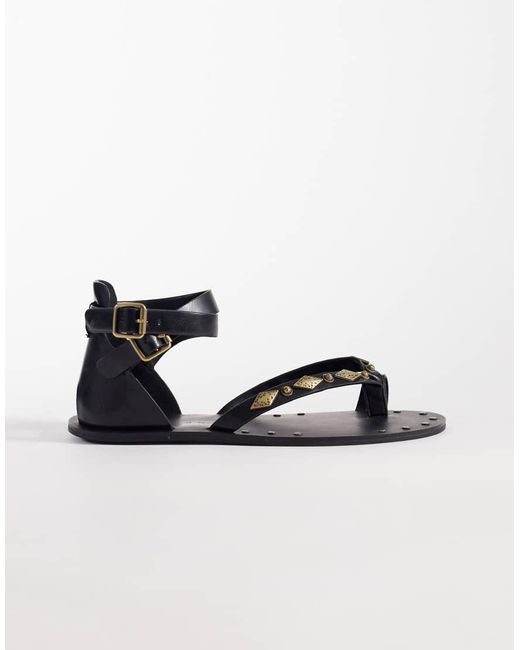 Ferris di ASOS in Metallic
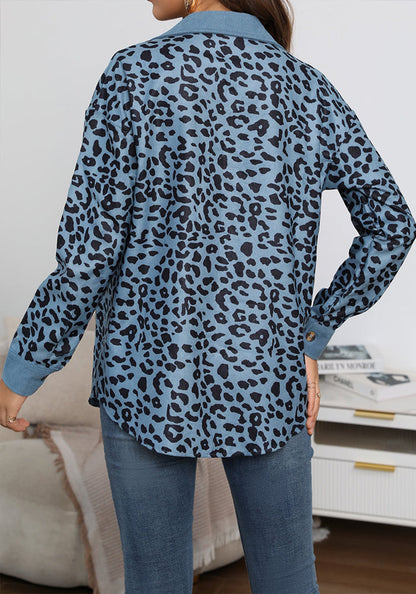 Layla Patel Leopard print jacket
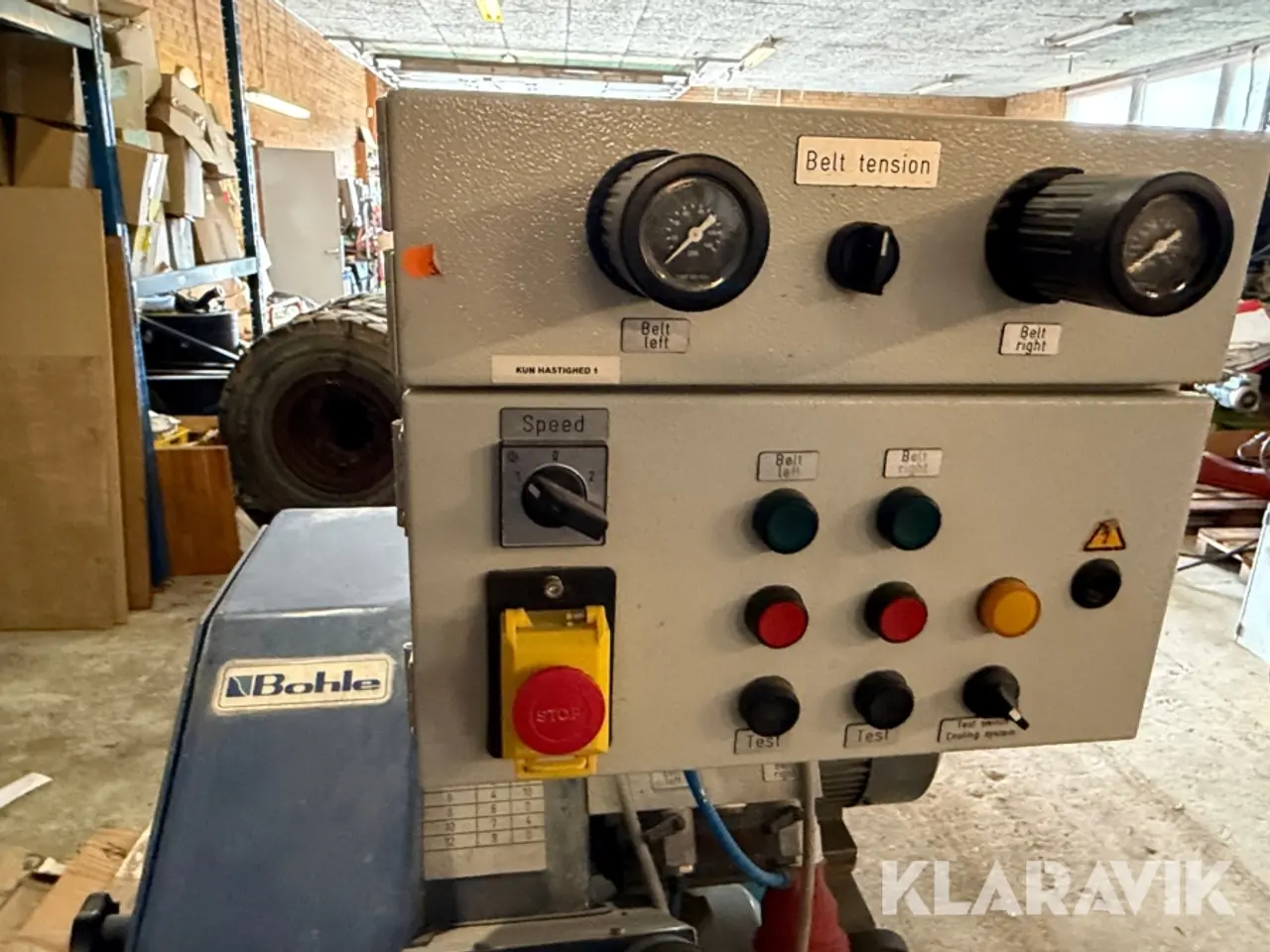 Billede 4 - Båndslibemaskine Bohle KSA-C 15/30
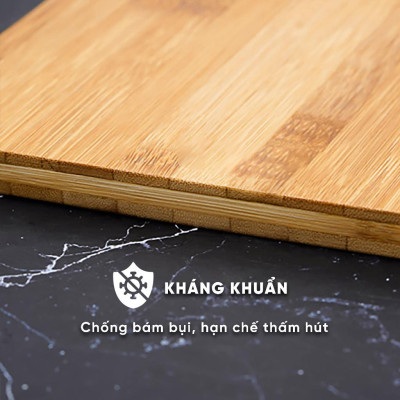 Thớt Tre Kháng Khuẩn Cao Cấp Hàng Chính Hãng Kalpen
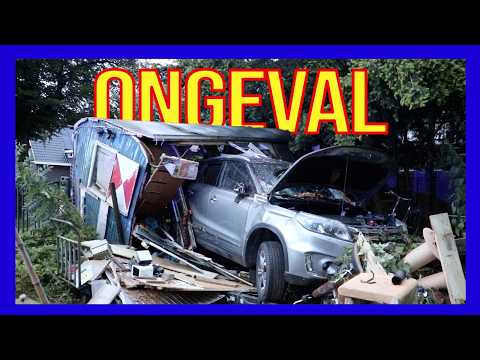 Видео: Машина прямо через хижину - ДОБРОВОЛЬЦЫ ГОЛЛАНДСКИЕ ПОЖАРНЫЕ -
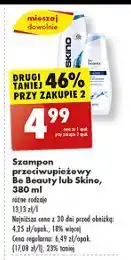 Biedronka Szampon przeciwłupieżowy Be Beauty oferta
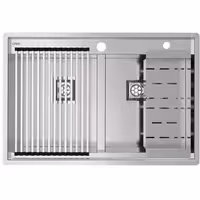 سینک دست ساز دو لگن BCN-302-74 کن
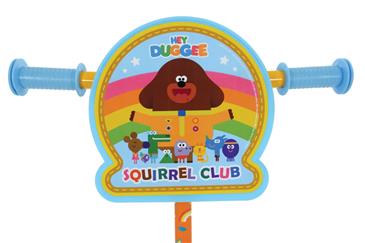 Hey Duggee Deluxe trehjulet løbehjul-10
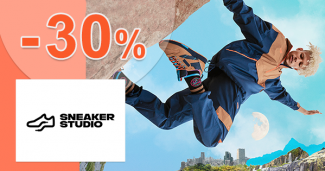 Zľavový kód -30% na všetko na SneakerStudio.sk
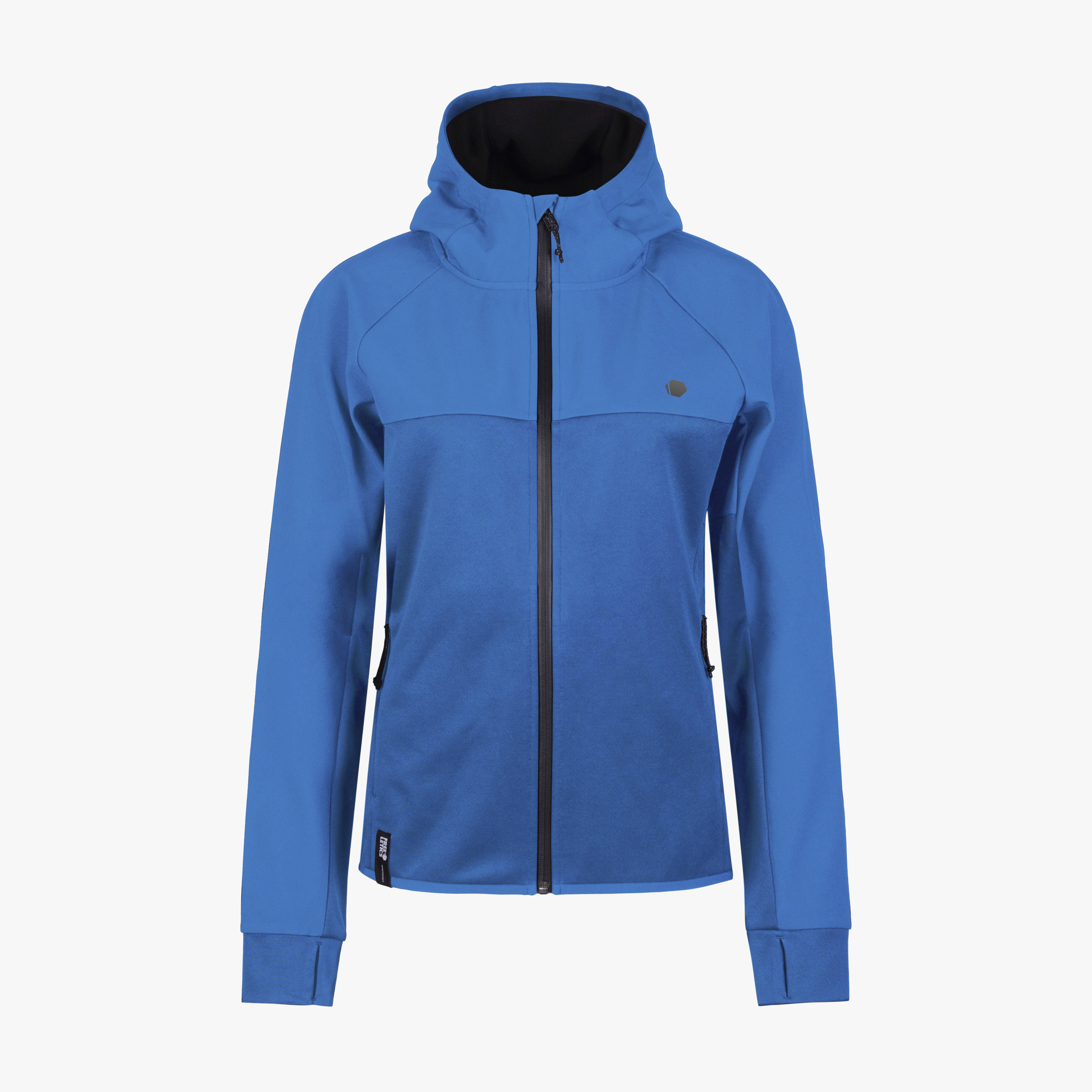 Ladies navy soft deals shell jacket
==============================
Task to complete: Where the line holding "Layla Patel Leopard print jacket" appears, start copying, and continue exactly through the last line of the listing, both ends included, skipping the pictures.

Answer to the exercise:
 Layla Patel Leopard print jacket
 Billede 4 - Båndslibemaskine Bohle KSA-C 15/30
 Thớt Tre Kháng Khuẩn Cao Cấp Hàng Chính Hãng Kalpen
 Видео: Машина прямо через хижину - ДОБРОВОЛЬЦЫ ГОЛЛАНДСКИЕ ПОЖАРНЫЕ -
 Biedronka Szampon przeciwłupieżowy Be Beauty oferta
 سینک دست ساز دو لگن BCN-302-74 کن
 Hey Duggee Deluxe trehjulet løbehjul-10
 Zľavový kód -30% na všetko na SneakerStudio.sk
 Ladies navy soft deals shell jacket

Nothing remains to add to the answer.